Todos os anos por esta altura, absolutamente arrasado por um ano de trabalho e quase sempre, como este ano mais uma vez acontece, sem a perspectiva de férias decentes, entro numa sala de cinema para ver um filme. Um filme qualquer, apenas mais um filme, novo ou antigo.
Calhou este ano ver "Mr. Holmes", de Bill Condon (2015), uma produção inglesa da BBC que aparentemente não tem nada de novo a acrescentar, mas tem. Num país que se gaba de uma cinefilia intransigente, as produções da BBC não têm boa fama mas, apreciador e conhecedor que sou da literatura policial desde antes do seu início formal com Edgar Allan Poe, não tenho por mim preconceitos desses.
O filme de Bill Condon, de quem conheço apenas "Deuses e Monstros"/"Gods and Monsters" (1998), "Relatório Kinsey"/"Kinsey" (2004) e "O Quinto Poder""/The Fifth Estate" (2013), tem a funcionalidade cinematográfica que seria de esperar mas sobre uma personagem célebre da literatura policial, Sherlock Holmes, surpreendida nos seus 93 anos, quando tenta de memória corrigir a memória do fatídico cronista John Watson sobre o seu "último caso", sucedido 35 anos antes.

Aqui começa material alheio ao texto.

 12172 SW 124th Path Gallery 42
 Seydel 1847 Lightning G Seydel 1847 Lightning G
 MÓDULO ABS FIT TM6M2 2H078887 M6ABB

Com aquele enredar e desenredar da narrativa que, sendo óbvio, se pode tornar irritante, "Mr. Holmes" surpeende pela justeza de tom, pela própria narrativa (baseada na novela de Mitch Cullin "A Slight Trick of the Mind" - edição portuguesa "Sr. Sherlock Holmes", Topseller, 2015) e pelas interpretações, ao confrontar-nos com as memórias do protagonista evocadas para um seu jovem interlocutor e para si próprio.

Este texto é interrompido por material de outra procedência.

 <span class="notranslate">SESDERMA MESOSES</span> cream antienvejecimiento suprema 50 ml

Ora o caso que motivou o afastamento do célebre detective envolve uma mulher casada, acaba mal e, contrariando a narrativa oficial de Watson, tem implicações pessoais que levam para o outro lado, pessoal, de Sherlock Holmes, sempre equívoco nos livros de Arthur Conan Doyle. E há aí, neste filme, o cruzamento do fracasso, da solidão e da morte, que o torna verdadeiramente interessante, quase comovedor sempre dentro de uma frieza britânica que a interpretação de Ian McKellen, excelente, tempera - ele que fora um admirável James Whale no mencionado filme de 1998.
Com as lberdades temporais tomadas, ainda para mais colocando o protagonista a assistir ao filme a preto e branco da versão oficial daquele caso, se vos disser alguma coisa em termos de cultura geral (eu não acredito numa cultura exclusivamente cinematográfica) vejam este "Mr. Holmes" de Bill Condon sem a histeria do "cinema de autor", embora ele seja, de facto, um bom cineasta, e saiam do torpor de uma produção banal e bocejante como aquela em que estamos maioritariamente mergulhados. E, já agora, leiam os livros de Agatha Christie que estão a ser publicados com o jornal Público, que se contam entre o melhor da literatura do Século XX.